用AntConc处理中文concordance, wordlist, N-gram

回复:用AntConc处理中文concordance, wordlist, N-gram

是啊, AntConc从1.0到3.0, 从丑小鸭变成了白天鹅,赞一个。感谢所有为此作出贡献的人。
 
回复:用AntConc处理中文concordance, wordlist, N-gram

以下是引用 seanxpq2006-3-30 13:52:42 的发言:
呵呵,实在忍不住了要说:大家终于对俺大力推荐过的软件ANTCONC感兴趣了吧。
C友共商真情在,淘尽黄沙始见金
 
小和两句。

蚍蜉可堪词匠职,集腋终得成大势。

注:蚍蜉,即蚂蚁,借指Ant(AntConc的中心词)。词匠即是WordSmith。这一句是用来感谢Laurence Anthony的无私之举的。

同时也希望大家通过Corpus4u这个空间,“茹切如搓,如琢如磨:)”,集腋成裘,聚沙成塔,推动语料库研究在中国的发展。
 
回复:用AntConc处理中文concordance, wordlist, N-gram

以下是引用 xujiajin2006-3-30 19:22:07 的发言:
小和两句。

蚍蜉可堪词匠职,集腋终得成大势。

注:蚍蜉,即蚂蚁,借指Ant(AntConc的中心词)。词匠即是WordSmith。这一句是用来感谢Laurence Anthony的无私之举的。

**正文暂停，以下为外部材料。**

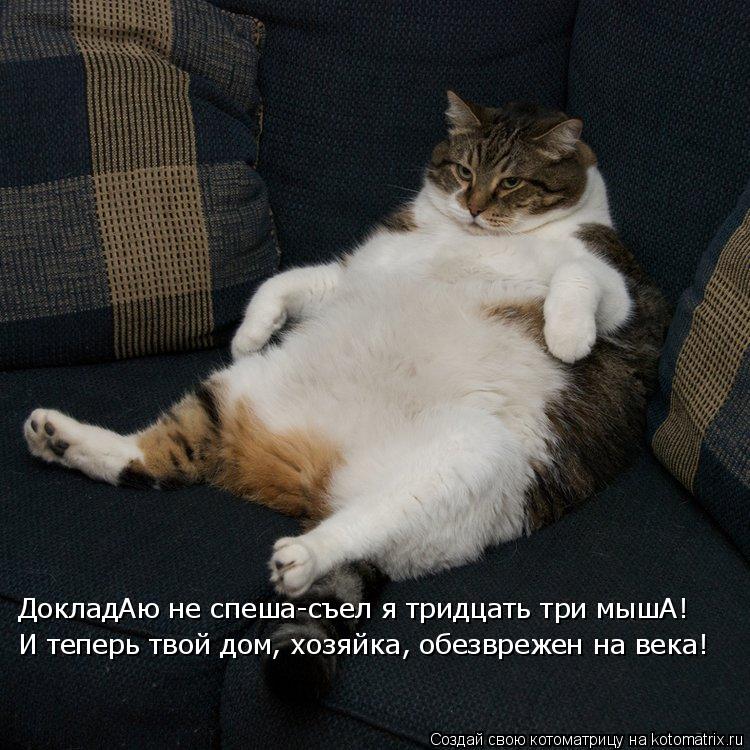 ДокладАю не спеша-съел я тридцать три мышА! И теперь твой дом, хозяйка, обезврежен на века!... Котоматрица: ДокладАю не спеша-съел я тридцать три мышА! И теперь твой дом, хозяйка, обезврежен на века!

同时也希望大家通过Corpus4u这个空间,“茹切如搓,如琢如磨:)”,集腋成裘,聚沙成塔,推动语料库研究在中国的发展。
[emb2][emb2][emb2][emb6]
 
回复:用AntConc处理中文concordance, wordlist, N-gram

以下是引用 xujiajin2006-3-30 19:22:07 的发言:
小和两句。

蚍蜉可堪词匠职,集腋终得成大势。

注:蚍蜉,即蚂蚁,借指Ant(AntConc的中心词)。词匠即是WordSmith。这一句是用来感谢Laurence Anthony的无私之举的。

同时也希望大家通过Corpus4u这个空间,“茹切如搓,如琢如磨:)”,集腋成裘,聚沙成塔,推动语料库研究在中国的发展。


赞一个!
 
回复:用AntConc处理中文concordance, wordlist, N-gram

以下是引用 laohong2006-3-30 11:55:18 的发言:
以下是引用 动态语法2006-3-29 15:28:58 的发言:
... I have had numerous discussions with him about code names; apparently this is the best that can be done at this point...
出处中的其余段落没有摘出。